Long Day’s Journey Into Night (2019)
Written & Directed by Bi Gan
There are two starkly separated halves to this film. The first half is nothing too remarkable, some beautiful cinematography and a noir story that will feel very familiar, no real surprises. The second half is a shock; the visuals are the focus, yet somehow they still keep the narrative going. Bi Gan takes some significant risks in this latter section, banking his entire film on what could easily have just been a gimmick. Instead, he turns this into a remarkable feat, something rarely attempted in filmmaking, but Bi Gan sticks the landing.

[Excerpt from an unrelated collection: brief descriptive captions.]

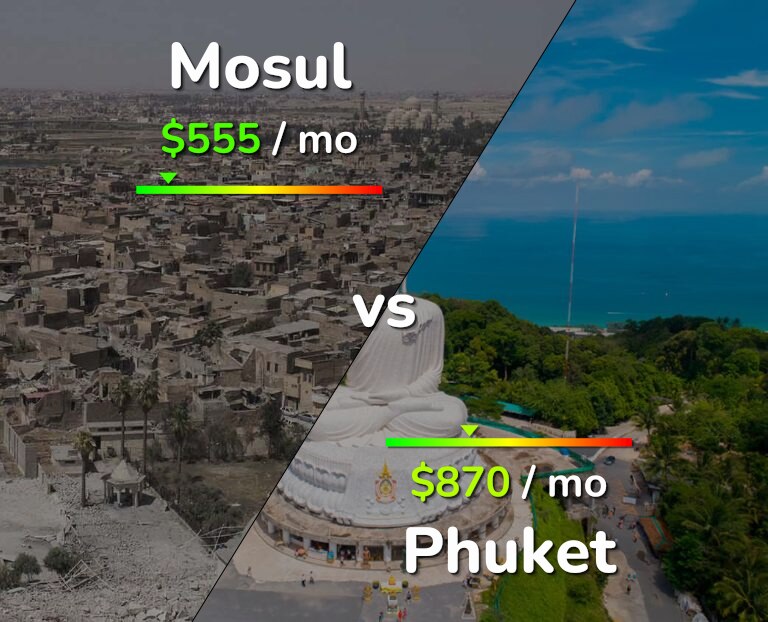 Cost of living in Mosul vs Phuket infographic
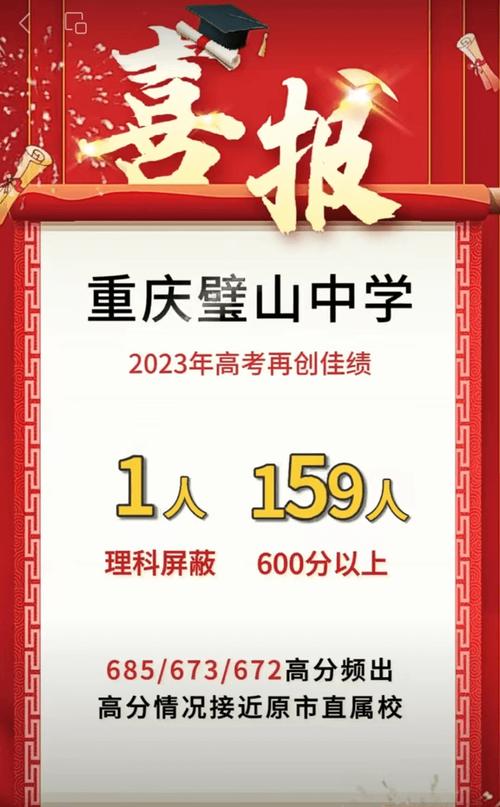 2025合川高中录取分数线是多少?-图1 2025合川高中录取分数线是多少?-图1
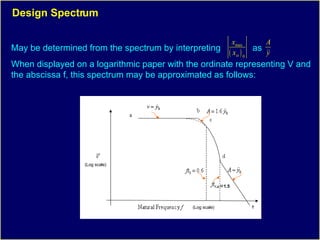 Response Spectrum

The story is incredibly simple; if you’ve ever seen or read any noir detective stories, then the beats will feel familiar. Luo Hongwu has returned to the Kaili, a subtropical Southern China city. He’s come back for his father’s funeral, but this visit begins a walk down memory lane. Hongwu recalls his friend Wildcat, who was murdered and Wan Qwien, the woman Hongwu loved but abandoned. As he asks around for her, he learns she possibly had his child and has moved from place to place. Hongwu hears conflicting accounts of Qwien and who she is now, creating a strong sense that he wouldn’t even know her now if he saw her. Then Hongwu goes to see a 3-D film at a theater, and the movie suddenly changes.
The second half of the picture is a one hour sustained single-take shot. It will go down as one of those stunning moments in cinema, a director defying logic to create a technical achievement. The camera follows Hongwu on a cable car down to a village. The camera switches its focus, following different people. If you keep an eye on the background, you’ll see narratives weaving in and out of this one. What becomes clear is that we’re in Hongwu subconscious, a dreamscape for all the emotions that have come bubbling up. He meets a woman calling herself Wan Qwien, except her face, looks different and she is too young to be the woman he left.

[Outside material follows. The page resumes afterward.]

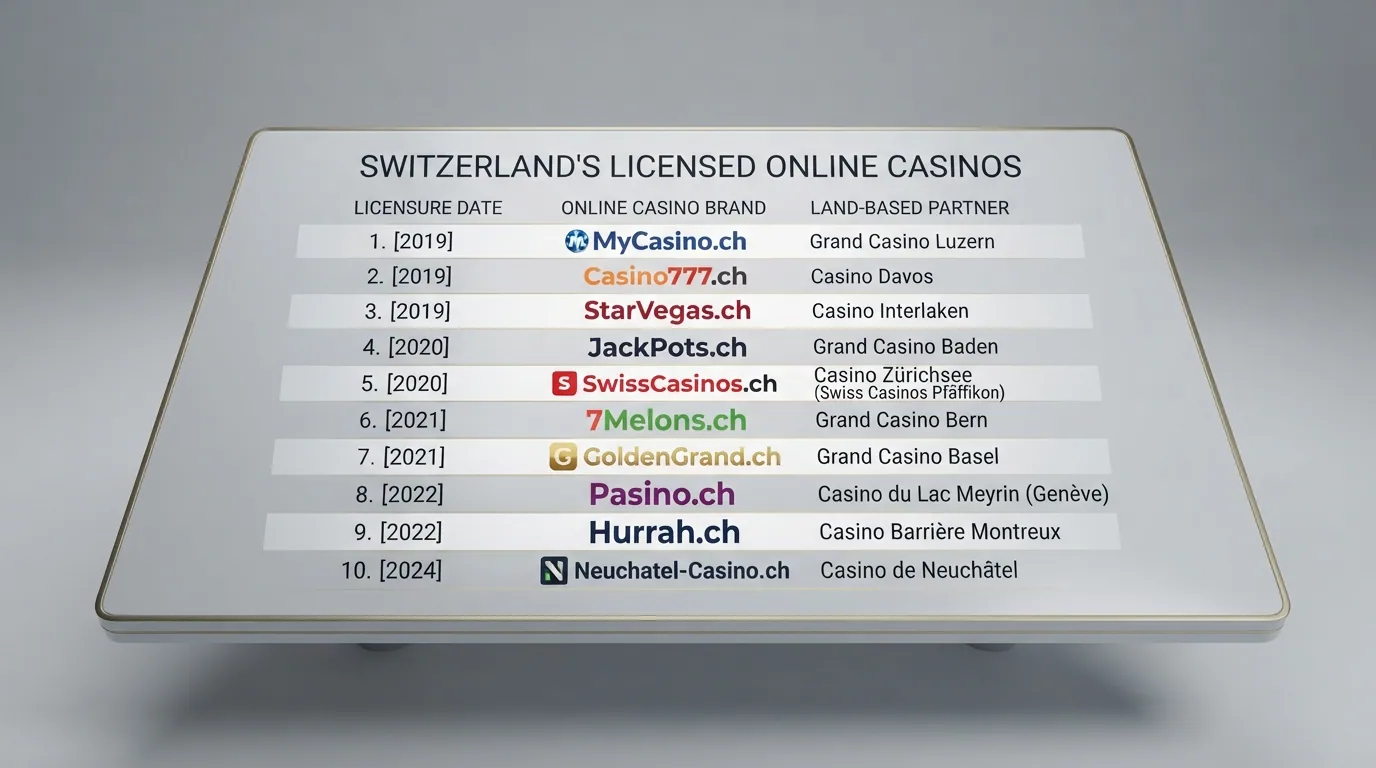 Übersichtstabelle mit Logos der zehn lizenzierten Schweizer Online-Casinos und ihren Land-Casino-Pendants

The problem with getting to this sublime second hour is that the first hour is near interminably slow, fragmented, and disengaging. I am always a fan of films that play with narrative structure, but everything here has been done before and in better movies. The timeline and characters become so obscured that there’s nothing to connect with emotionally or thematically. What you have are very beautifully composed shots that add up to nothing.

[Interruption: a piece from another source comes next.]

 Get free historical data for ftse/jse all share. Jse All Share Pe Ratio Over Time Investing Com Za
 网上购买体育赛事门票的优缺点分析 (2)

It’s clear that Bi Gan holds Wong Kar-Wei has a significant influence. Both filmmakers take pleasure in long, slow, contemplative stories focused on their protagonist’s psychology. I find Wong’s films end up with more substance, though, and find a balance between cinematography and story. Bi Gan is clearly influenced by a host of sources, both cinematically and literary, but what is he doing with all of that?
I would recommend watching the second half of the picture, just to experience that impossible task Bi Gan achieved. As I work on building a filmmaking class for the 2020-21 school year, it was something that I used as an exercise. I looked for the tricks Bi Gan used to give his actors and crew time to arrange a scene, those magician’s secrets that helped pull this off. Don’t go into Long Day’s Journey Into Night, expecting an emotionally moving story, but you will get some gorgeous film technique to study.